Kansas jobless rate falls to 5.4 percent in November

Ongoing federal negotiations about tax increases and spending cuts are keeping Kansas employers from making investments in their operations and hiring more workers, a top state business leader said Friday.

Kent Eckles, vice president of government relations for the Kansas Chamber of Commerce, said those federal pressures are weighing on the state, despite a drop in November’s jobless rate to a seasonally adjusted 5.4 percent.

“I think a lot of it’s due to the uncertainty with what’s going on in D.C. with the ‘fiscal cliff.’ Negotiations keep going on,” Eckles said. “Our members and private sector employers in Kansas are holding off on making hiring decisions and investment decisions because they don’t know what will happen.”
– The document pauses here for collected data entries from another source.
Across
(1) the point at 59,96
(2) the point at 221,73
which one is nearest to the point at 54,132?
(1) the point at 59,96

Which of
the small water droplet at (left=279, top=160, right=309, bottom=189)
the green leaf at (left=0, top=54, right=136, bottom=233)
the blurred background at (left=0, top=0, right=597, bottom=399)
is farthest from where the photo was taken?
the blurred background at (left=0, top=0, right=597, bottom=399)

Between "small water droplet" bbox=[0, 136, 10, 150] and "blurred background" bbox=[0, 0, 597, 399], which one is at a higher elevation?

President Barack Obama and House Speaker John Boehner have been meeting off and on in recent weeks to avoid the so-called fiscal cliff of expiring tax cuts and automatic spending cuts that take effect Jan. 1.

Eckles said new Kansas tax cuts that also take effect in January could help mitigate any increases at the federal level. The new Kansas cuts will exempt some 191,000 businesses from paying individual income tax and reduce the rates for all individual income tax filers.
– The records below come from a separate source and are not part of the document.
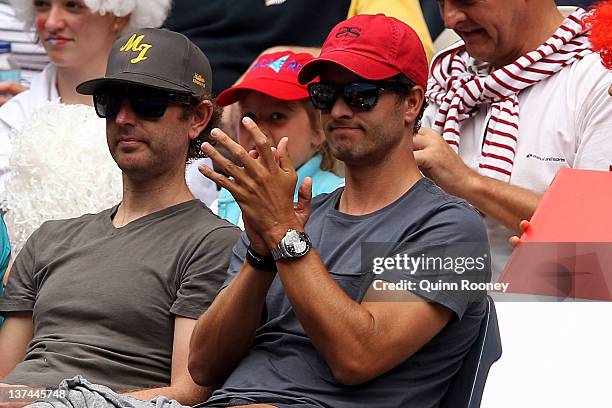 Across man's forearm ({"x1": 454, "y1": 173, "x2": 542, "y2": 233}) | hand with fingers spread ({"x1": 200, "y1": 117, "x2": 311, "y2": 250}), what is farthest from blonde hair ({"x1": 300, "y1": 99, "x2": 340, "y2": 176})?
hand with fingers spread ({"x1": 200, "y1": 117, "x2": 311, "y2": 250})

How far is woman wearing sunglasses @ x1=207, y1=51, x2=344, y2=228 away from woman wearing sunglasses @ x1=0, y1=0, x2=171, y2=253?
0.56 meters

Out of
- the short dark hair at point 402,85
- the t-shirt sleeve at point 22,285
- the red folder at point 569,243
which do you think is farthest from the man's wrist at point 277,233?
the t-shirt sleeve at point 22,285

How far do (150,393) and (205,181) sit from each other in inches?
65.2

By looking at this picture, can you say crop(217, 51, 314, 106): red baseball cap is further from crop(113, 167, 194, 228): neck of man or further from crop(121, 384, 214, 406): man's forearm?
crop(121, 384, 214, 406): man's forearm

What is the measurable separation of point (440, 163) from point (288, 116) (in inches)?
32.1

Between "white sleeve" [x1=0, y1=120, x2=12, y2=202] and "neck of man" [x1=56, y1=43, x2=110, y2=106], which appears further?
"neck of man" [x1=56, y1=43, x2=110, y2=106]

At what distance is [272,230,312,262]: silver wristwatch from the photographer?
9.89 feet

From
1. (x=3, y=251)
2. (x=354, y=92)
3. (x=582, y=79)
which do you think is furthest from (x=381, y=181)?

Still, the Kansas Department of Labor said the state jobless report continues to show positive signs. The November unemployment rate was 0.3 percent lower than it was in October and a full 1 percent better than November 2011.
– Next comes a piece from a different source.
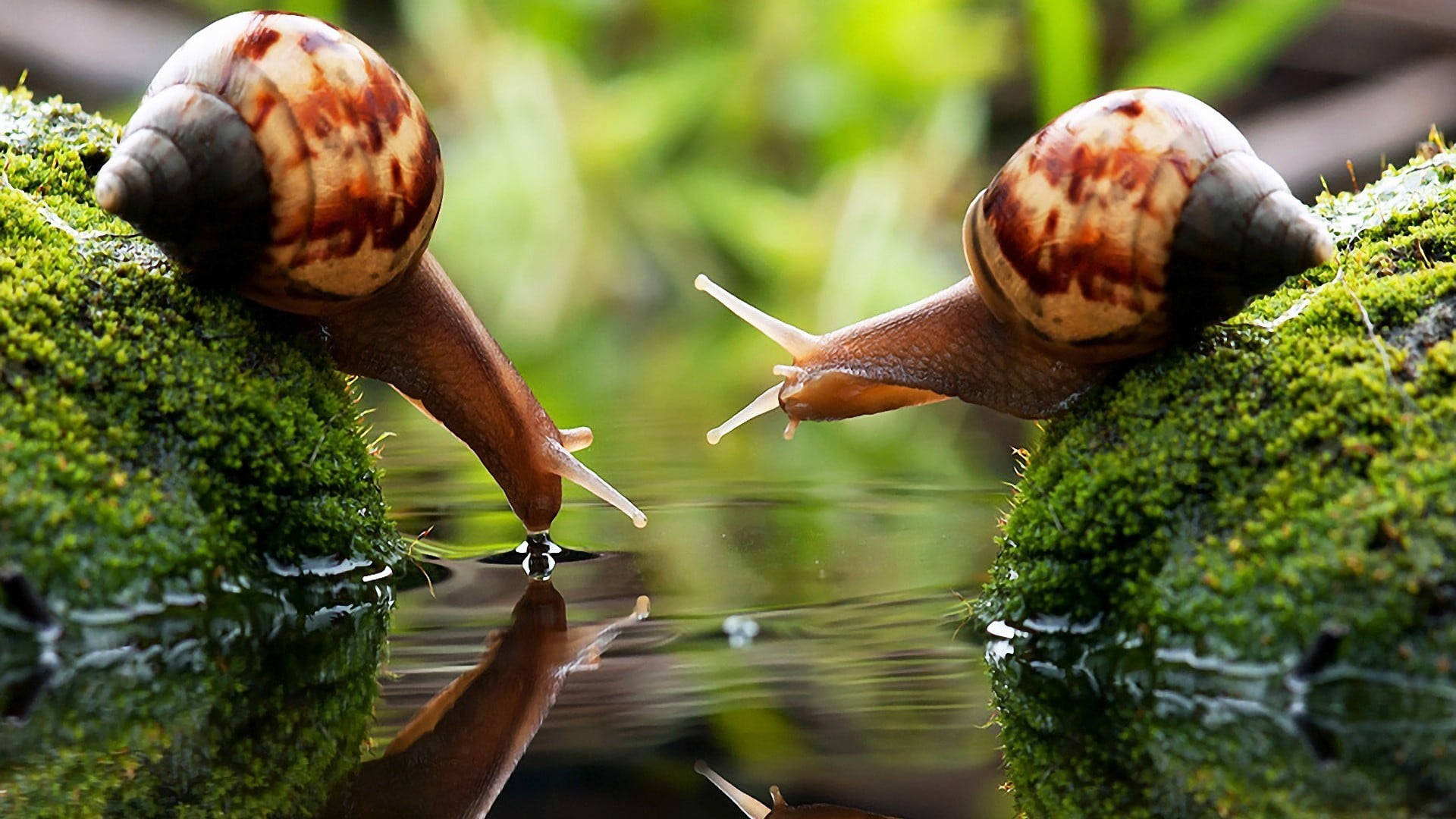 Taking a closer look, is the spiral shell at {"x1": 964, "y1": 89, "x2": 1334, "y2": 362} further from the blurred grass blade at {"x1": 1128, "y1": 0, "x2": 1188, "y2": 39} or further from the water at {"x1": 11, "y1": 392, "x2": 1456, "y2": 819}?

Interim Labor Secretary Lana Gordon said the job market is moving in the right direction. Kansas added 1,100 private sector jobs in November and employers have increased payrolls by 4,900 jobs over the past year. The November decline was the third consecutive month that unemployment rates have dropped in Kansas.

The workforce has shown slight growth in recent months, standing at 1.49 million in November, up about 7,000 people since September.

On a county level, Wilson had the highest jobless rate in Kansas at 7.8 percent. The lowest rate was reported in Sheridan County in northwest Kansas at 2.3 percent.